─── Data extract

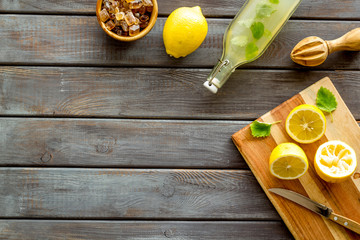 Make lemonade. Drink in bottle near utensil on wooden wooden background top-down copy space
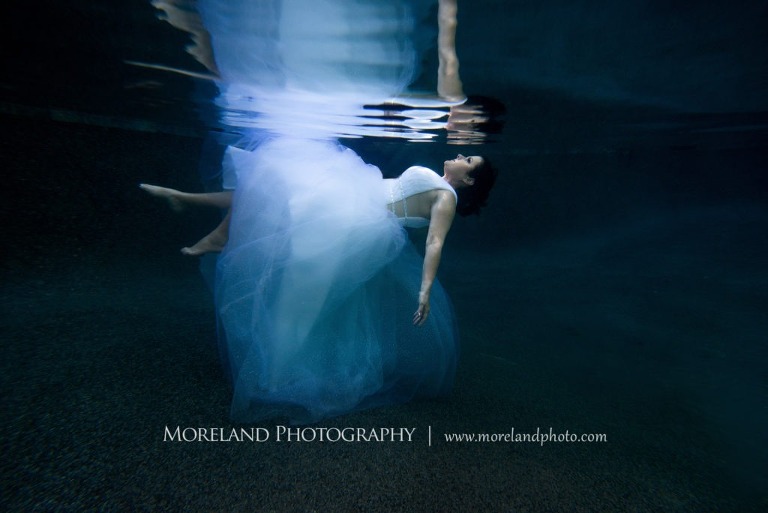 Woman in blue dress laying beautifully underwater, underwater pictures, creative photography atlanta, creative edge workshops, moreland photography, creative underwater photo shoot, underwater photography, nikon underwater, Georgia underwater photography, leading underwater photographer, artful photography, beautiful photo, graceful underwater portrait, nikon underwater photographer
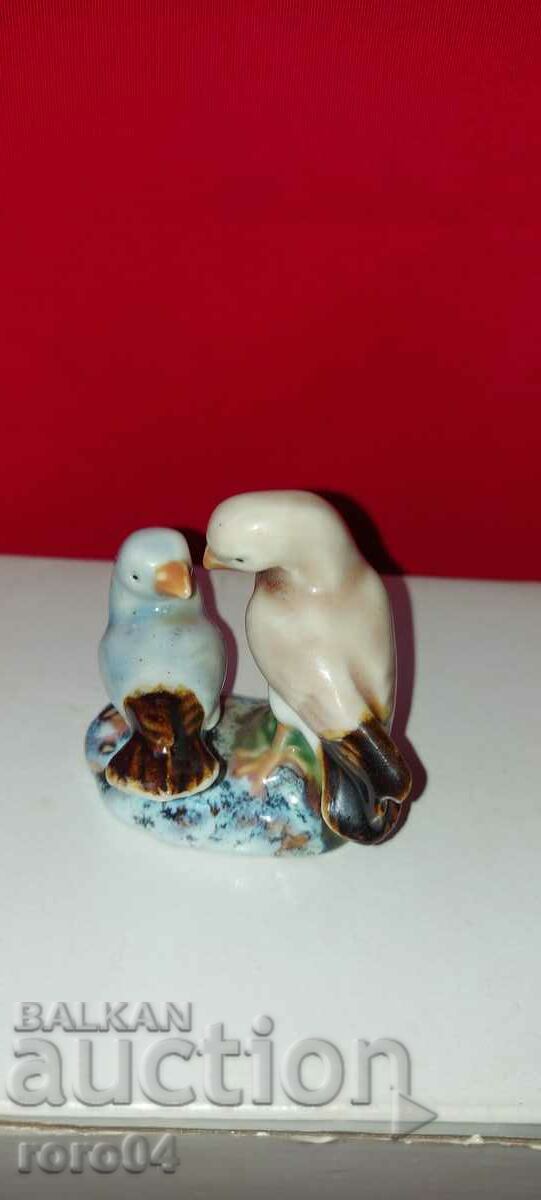 Auction PORCELAIN STATUETTE Auction PORCELAIN STATUETTE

──────

**Your task:** Would you reproduce each line of the material exactly, omitting the images?

**Expected answer:**
 Make lemonade. Drink in bottle near utensil on wooden wooden background top-down copy space
 Woman in blue dress laying beautifully underwater, underwater pictures, creative photography atlanta, creative edge workshops, moreland photography, creative underwater photo shoot, underwater photography, nikon underwater, Georgia underwater photography, leading underwater photographer, artful photography, beautiful photo, graceful underwater portrait, nikon underwater photographer
 Auction PORCELAIN STATUETTE Auction PORCELAIN STATUETTE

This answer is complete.